Boos and applause, in equal frenzied parts, cut him off. He shrugged, grinned, and nodded in a way that dismissed his critics and acknowledged his supporters simultaneously. You can’t say he’s not slick, Jake thought, and then Furniss got another shot in.
“I just pray that America will be strong enough to come to its senses, ‘cause we’ll be in one heck of a mess if we don’t get back on the track, and I do mean pronto.” He deferred, then, to the crowd’s mixed response and Dick Moynihan’s next comment.
“So, on the one hand,” Moynihan said, “we’ve got one group saying that the devil is making our teenagers do it; and whether you believe in the devil or not, you’ve got to agree that rock music is dangerous in that it promotes destructive and anti-social behavior in our young people.
“And then”—indicating Jake’s side of the panel at long last—“we’ve got these guys over here.”
A healthy portion of the audience laughed: for the first time during the show. Moynihan was a master of comedic timing and the subtle release of tension. Even Furniss grinned, giving credit where due.
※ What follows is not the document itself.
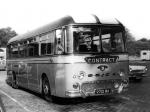 Leyland Tiger Cub PSUC1-2 1961 года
Jake had to do the same, despite the fact that Furniss was the most pernicious rectal grievance in his life at the moment.
“Let’s start with Jerry Crane, promoter of the Rock Aid concert being held this Saturday at JFK Stadium in Philadelphia,” Moynihan said. Jerry cast a tanned and robust nod to the crowd. He was pushing fifty in style, and it was clear that he knew it; at the same time, the stress he was under was equally clear. “Now, in a generation that has witnessed Band Aid, Live Aid, Farm Aid, Hearing Aid, AIDS Aid, Amnesty Aid, Nature Aid, Space Aid, and even the Florida-based Gator Aid—a benefit to preserve the Everglades from developers—Rock Aid is still something of an anomaly. It is, to the best of my knowledge, the first time that the rock industry has thrown a benefit concert in self-defense. They claim that the proposed legislation is the thin end of the wedge, that it attacks freedom of speech, freedom of the press, the separation of church and state . . .” He let it trail off, hinting that the litany of accusations was nothing new.